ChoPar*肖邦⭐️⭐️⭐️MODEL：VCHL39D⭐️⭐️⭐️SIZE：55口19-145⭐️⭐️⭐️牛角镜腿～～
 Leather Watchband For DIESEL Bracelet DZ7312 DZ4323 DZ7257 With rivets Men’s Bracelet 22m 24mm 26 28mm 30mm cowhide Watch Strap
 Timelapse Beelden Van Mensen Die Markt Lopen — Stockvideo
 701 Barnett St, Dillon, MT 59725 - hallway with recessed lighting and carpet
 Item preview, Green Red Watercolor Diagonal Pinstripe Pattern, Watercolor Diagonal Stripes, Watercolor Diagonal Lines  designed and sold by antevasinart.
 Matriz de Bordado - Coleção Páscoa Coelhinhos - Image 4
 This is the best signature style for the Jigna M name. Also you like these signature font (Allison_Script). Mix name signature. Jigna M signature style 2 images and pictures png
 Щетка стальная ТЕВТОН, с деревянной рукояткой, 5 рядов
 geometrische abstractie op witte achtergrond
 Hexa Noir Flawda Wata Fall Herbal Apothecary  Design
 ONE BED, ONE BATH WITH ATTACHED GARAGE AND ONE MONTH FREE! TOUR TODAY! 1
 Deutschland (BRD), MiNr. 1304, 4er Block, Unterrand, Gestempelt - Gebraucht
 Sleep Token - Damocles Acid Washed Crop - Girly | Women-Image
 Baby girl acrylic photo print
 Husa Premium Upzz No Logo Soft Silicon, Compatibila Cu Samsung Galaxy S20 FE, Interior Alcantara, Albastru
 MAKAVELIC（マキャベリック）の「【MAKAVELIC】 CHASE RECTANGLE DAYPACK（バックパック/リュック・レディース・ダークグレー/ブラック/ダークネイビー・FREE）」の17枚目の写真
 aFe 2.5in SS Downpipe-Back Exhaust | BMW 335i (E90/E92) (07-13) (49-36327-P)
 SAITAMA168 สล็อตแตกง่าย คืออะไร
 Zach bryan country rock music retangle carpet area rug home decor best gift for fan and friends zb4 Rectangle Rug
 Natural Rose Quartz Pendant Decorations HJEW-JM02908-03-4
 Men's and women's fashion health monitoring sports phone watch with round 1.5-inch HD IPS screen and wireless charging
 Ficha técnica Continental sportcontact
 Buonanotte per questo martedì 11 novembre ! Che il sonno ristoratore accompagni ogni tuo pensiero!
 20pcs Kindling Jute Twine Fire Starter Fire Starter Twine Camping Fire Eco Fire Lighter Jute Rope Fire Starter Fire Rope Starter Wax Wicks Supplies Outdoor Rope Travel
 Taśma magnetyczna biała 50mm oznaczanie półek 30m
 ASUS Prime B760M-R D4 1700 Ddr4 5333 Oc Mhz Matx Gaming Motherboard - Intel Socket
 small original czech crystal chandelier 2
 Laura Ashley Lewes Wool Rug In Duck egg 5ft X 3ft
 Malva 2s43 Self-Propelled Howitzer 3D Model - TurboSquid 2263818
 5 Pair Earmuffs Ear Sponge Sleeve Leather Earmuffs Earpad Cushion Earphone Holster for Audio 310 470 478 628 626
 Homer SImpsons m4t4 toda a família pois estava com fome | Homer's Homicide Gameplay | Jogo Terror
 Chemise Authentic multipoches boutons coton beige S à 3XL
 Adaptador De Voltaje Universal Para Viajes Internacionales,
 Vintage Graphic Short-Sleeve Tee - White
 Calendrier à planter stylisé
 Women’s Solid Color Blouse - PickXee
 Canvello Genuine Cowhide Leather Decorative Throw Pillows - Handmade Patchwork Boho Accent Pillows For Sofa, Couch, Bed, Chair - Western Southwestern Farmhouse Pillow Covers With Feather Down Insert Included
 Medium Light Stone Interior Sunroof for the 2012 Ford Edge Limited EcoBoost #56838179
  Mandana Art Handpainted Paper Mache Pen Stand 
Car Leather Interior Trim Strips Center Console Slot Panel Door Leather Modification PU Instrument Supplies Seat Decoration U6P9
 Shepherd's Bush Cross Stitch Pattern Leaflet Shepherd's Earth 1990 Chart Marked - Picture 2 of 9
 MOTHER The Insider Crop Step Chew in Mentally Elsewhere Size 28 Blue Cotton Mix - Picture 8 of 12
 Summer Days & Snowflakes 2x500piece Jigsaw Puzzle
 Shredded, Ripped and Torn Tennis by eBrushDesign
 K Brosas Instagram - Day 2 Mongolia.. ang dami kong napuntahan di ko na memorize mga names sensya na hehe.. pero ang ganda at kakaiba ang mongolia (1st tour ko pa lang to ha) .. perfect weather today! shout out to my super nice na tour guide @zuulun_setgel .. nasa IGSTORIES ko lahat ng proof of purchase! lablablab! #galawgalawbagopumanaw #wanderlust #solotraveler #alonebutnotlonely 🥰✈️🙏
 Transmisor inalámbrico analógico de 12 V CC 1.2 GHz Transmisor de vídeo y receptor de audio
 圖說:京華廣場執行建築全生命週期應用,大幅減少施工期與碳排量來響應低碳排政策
○ ○ ○ ○
TASK DETAILS: Each line of the data must be retyped exactly as written.

OUTPUT FOR THIS EXERCISE:
ChoPar*肖邦⭐️⭐️⭐️MODEL：VCHL39D⭐️⭐️⭐️SIZE：55口19-145⭐️⭐️⭐️牛角镜腿～～
 Leather Watchband For DIESEL Bracelet DZ7312 DZ4323 DZ7257 With rivets Men’s Bracelet 22m 24mm 26 28mm 30mm cowhide Watch Strap
 Timelapse Beelden Van Mensen Die Markt Lopen — Stockvideo
 701 Barnett St, Dillon, MT 59725 - hallway with recessed lighting and carpet
 Item preview, Green Red Watercolor Diagonal Pinstripe Pattern, Watercolor Diagonal Stripes, Watercolor Diagonal Lines  designed and sold by antevasinart.
 Matriz de Bordado - Coleção Páscoa Coelhinhos - Image 4
 This is the best signature style for the Jigna M name. Also you like these signature font (Allison_Script). Mix name signature. Jigna M signature style 2 images and pictures png
 Щетка стальная ТЕВТОН, с деревянной рукояткой, 5 рядов
 geometrische abstractie op witte achtergrond
 Hexa Noir Flawda Wata Fall Herbal Apothecary  Design
 ONE BED, ONE BATH WITH ATTACHED GARAGE AND ONE MONTH FREE! TOUR TODAY! 1
 Deutschland (BRD), MiNr. 1304, 4er Block, Unterrand, Gestempelt - Gebraucht
 Sleep Token - Damocles Acid Washed Crop - Girly | Women-Image
 Baby girl acrylic photo print
 Husa Premium Upzz No Logo Soft Silicon, Compatibila Cu Samsung Galaxy S20 FE, Interior Alcantara, Albastru
 MAKAVELIC（マキャベリック）の「【MAKAVELIC】 CHASE RECTANGLE DAYPACK（バックパック/リュック・レディース・ダークグレー/ブラック/ダークネイビー・FREE）」の17枚目の写真
 aFe 2.5in SS Downpipe-Back Exhaust | BMW 335i (E90/E92) (07-13) (49-36327-P)
 SAITAMA168 สล็อตแตกง่าย คืออะไร
 Zach bryan country rock music retangle carpet area rug home decor best gift for fan and friends zb4 Rectangle Rug
 Natural Rose Quartz Pendant Decorations HJEW-JM02908-03-4
 Men's and women's fashion health monitoring sports phone watch with round 1.5-inch HD IPS screen and wireless charging
 Ficha técnica Continental sportcontact
 Buonanotte per questo martedì 11 novembre ! Che il sonno ristoratore accompagni ogni tuo pensiero!
 20pcs Kindling Jute Twine Fire Starter Fire Starter Twine Camping Fire Eco Fire Lighter Jute Rope Fire Starter Fire Rope Starter Wax Wicks Supplies Outdoor Rope Travel
 Taśma magnetyczna biała 50mm oznaczanie półek 30m
 ASUS Prime B760M-R D4 1700 Ddr4 5333 Oc Mhz Matx Gaming Motherboard - Intel Socket
 small original czech crystal chandelier 2
 Laura Ashley Lewes Wool Rug In Duck egg 5ft X 3ft
 Malva 2s43 Self-Propelled Howitzer 3D Model - TurboSquid 2263818
 5 Pair Earmuffs Ear Sponge Sleeve Leather Earmuffs Earpad Cushion Earphone Holster for Audio 310 470 478 628 626
 Homer SImpsons m4t4 toda a família pois estava com fome | Homer's Homicide Gameplay | Jogo Terror
 Chemise Authentic multipoches boutons coton beige S à 3XL
 Adaptador De Voltaje Universal Para Viajes Internacionales,
 Vintage Graphic Short-Sleeve Tee - White
 Calendrier à planter stylisé
 Women’s Solid Color Blouse - PickXee
 Canvello Genuine Cowhide Leather Decorative Throw Pillows - Handmade Patchwork Boho Accent Pillows For Sofa, Couch, Bed, Chair - Western Southwestern Farmhouse Pillow Covers With Feather Down Insert Included
 Medium Light Stone Interior Sunroof for the 2012 Ford Edge Limited EcoBoost #56838179
  Mandana Art Handpainted Paper Mache Pen Stand 
Car Leather Interior Trim Strips Center Console Slot Panel Door Leather Modification PU Instrument Supplies Seat Decoration U6P9
 Shepherd's Bush Cross Stitch Pattern Leaflet Shepherd's Earth 1990 Chart Marked - Picture 2 of 9
 MOTHER The Insider Crop Step Chew in Mentally Elsewhere Size 28 Blue Cotton Mix - Picture 8 of 12
 Summer Days & Snowflakes 2x500piece Jigsaw Puzzle
 Shredded, Ripped and Torn Tennis by eBrushDesign
 K Brosas Instagram - Day 2 Mongolia.. ang dami kong napuntahan di ko na memorize mga names sensya na hehe.. pero ang ganda at kakaiba ang mongolia (1st tour ko pa lang to ha) .. perfect weather today! shout out to my super nice na tour guide @zuulun_setgel .. nasa IGSTORIES ko lahat ng proof of purchase! lablablab! #galawgalawbagopumanaw #wanderlust #solotraveler #alonebutnotlonely 🥰✈️🙏
 Transmisor inalámbrico analógico de 12 V CC 1.2 GHz Transmisor de vídeo y receptor de audio
 圖說:京華廣場執行建築全生命週期應用,大幅減少施工期與碳排量來響應低碳排政策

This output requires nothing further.